If you were in a position of power in a business and you put this in the company email, they would probably have to fire you in order to protect themselves. You may say you were using hyperbole or some other literary device, but they'd be using the device of defending themselves from liability.

Anonymous said...

CE: What did he say?

The Times won't tell you but the Mirror will.

Some old sports fart trading lame sex jokes with his buds? Well, I never!

Amy said...

Work/life mantra going forward: Nothing is private. Nothing is private. No writing, no speech, no thought. Nothing.
Just keep repeating that and you'll be fine.

Miss freedom much?

JohnGalt said...

Remember, Europeans are more sophisticated about these things.

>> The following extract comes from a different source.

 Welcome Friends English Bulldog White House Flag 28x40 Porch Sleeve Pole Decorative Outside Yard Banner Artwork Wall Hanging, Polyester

President-Mom-Jeans said...

Apparently Oprah and Magic Johnson are not interested in taking over this guys job.

grackle said...

It's always amusing when the "skirts" (pronounced "skoits") start talking sports.

Related: Leo Gorcey. Girls, pronounced, "goils." Around 7:41 into the video. Also "heard," pronounced "hoid," at 10:19. Love those New York accents of yesteryear.

http://tinyurl.com/qcnpb2v

Jason said...

Oh, Christ. What do these bitches have sand all up in their vaginas about this time?

The victim parade has become tiresome. Let the mockery commence.

glenn said...

Hmmm ... 54 .... Sounds like another case of WBS to me.

Wacky Boomer Syndrome

readering said...

I heard about this because one of the men (did I need to write that?) he exchanged with is a prominent sports law partner at a multinational law firm. The repercussions for the lawyer may be greater, since law firms are more sensitive than football clubs about this sort of thing.

Steve said...

In 1999 the premier league earned ~70M Pounds from TV rights. In 2014 it will earn over 1.4B pounds. No way does the Premier League cut this guy loose.

So he's a guy and should have remembered that his secretary got copies of his messages. I am just wondering why the secretary has come out with this information. I know there is a pay day in there for her somewhere.